## What is being asked
From top to bottom, return the listing exactly as it appears, omitting its images.

## Records provided
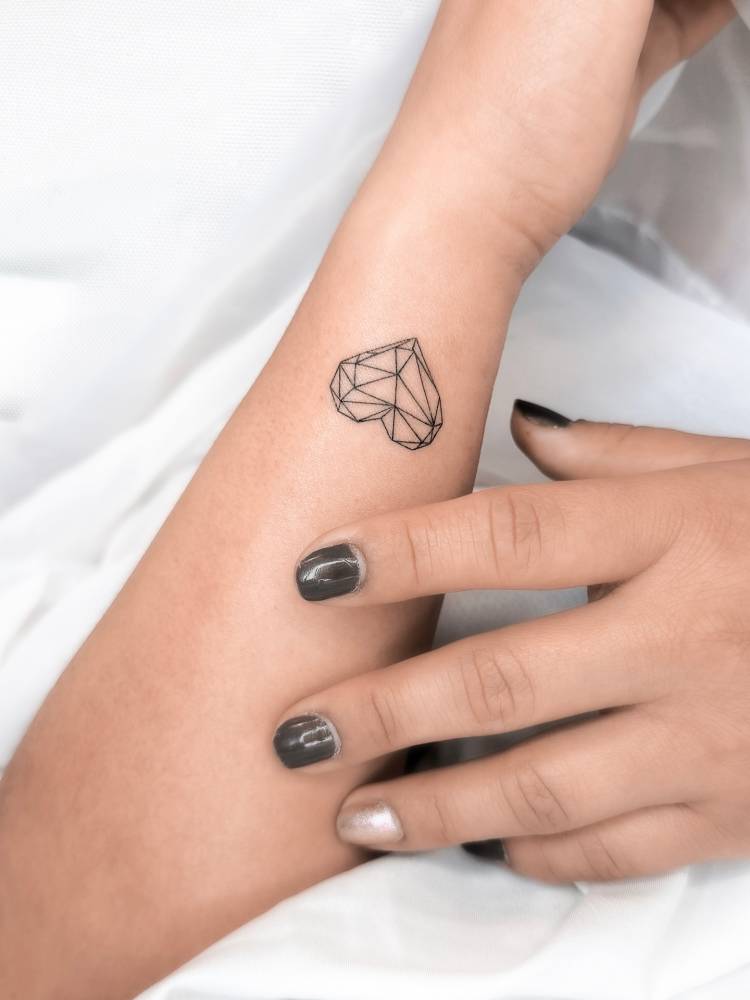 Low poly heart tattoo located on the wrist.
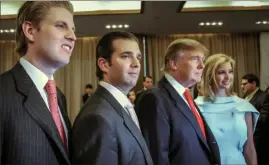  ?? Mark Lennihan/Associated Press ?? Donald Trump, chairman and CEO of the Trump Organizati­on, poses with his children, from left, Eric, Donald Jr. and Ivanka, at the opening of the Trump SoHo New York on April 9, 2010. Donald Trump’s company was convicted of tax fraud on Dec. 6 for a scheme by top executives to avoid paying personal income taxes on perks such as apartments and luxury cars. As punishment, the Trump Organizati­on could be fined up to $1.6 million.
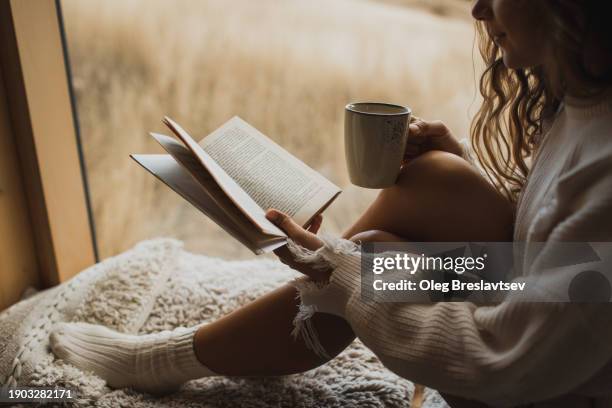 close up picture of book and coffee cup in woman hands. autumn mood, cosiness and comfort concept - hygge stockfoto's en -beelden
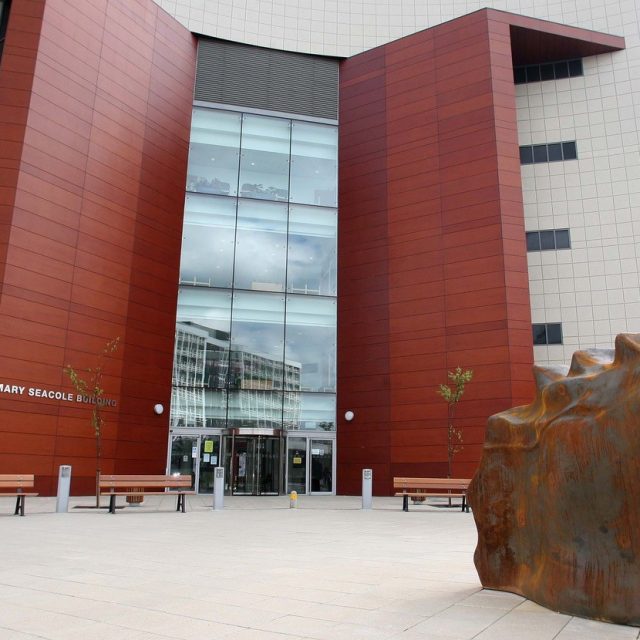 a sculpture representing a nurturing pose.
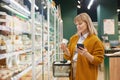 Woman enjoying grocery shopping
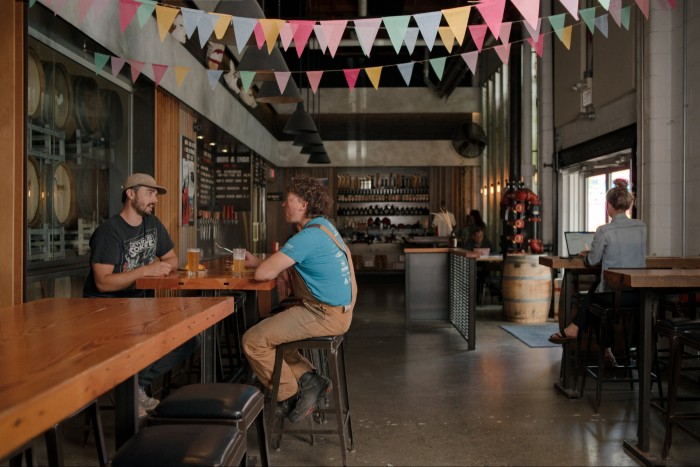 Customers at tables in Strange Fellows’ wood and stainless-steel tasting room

## Result of this exercise
 Low poly heart tattoo located on the wrist.
  ?? Mark Lennihan/Associated Press ?? Donald Trump, chairman and CEO of the Trump Organizati­on, poses with his children, from left, Eric, Donald Jr. and Ivanka, at the opening of the Trump SoHo New York on April 9, 2010. Donald Trump’s company was convicted of tax fraud on Dec. 6 for a scheme by top executives to avoid paying personal income taxes on perks such as apartments and luxury cars. As punishment, the Trump Organizati­on could be fined up to $1.6 million.
 close up picture of book and coffee cup in woman hands. autumn mood, cosiness and comfort concept - hygge stockfoto's en -beelden
 a sculpture representing a nurturing pose.
 Woman enjoying grocery shopping
 Customers at tables in Strange Fellows’ wood and stainless-steel tasting room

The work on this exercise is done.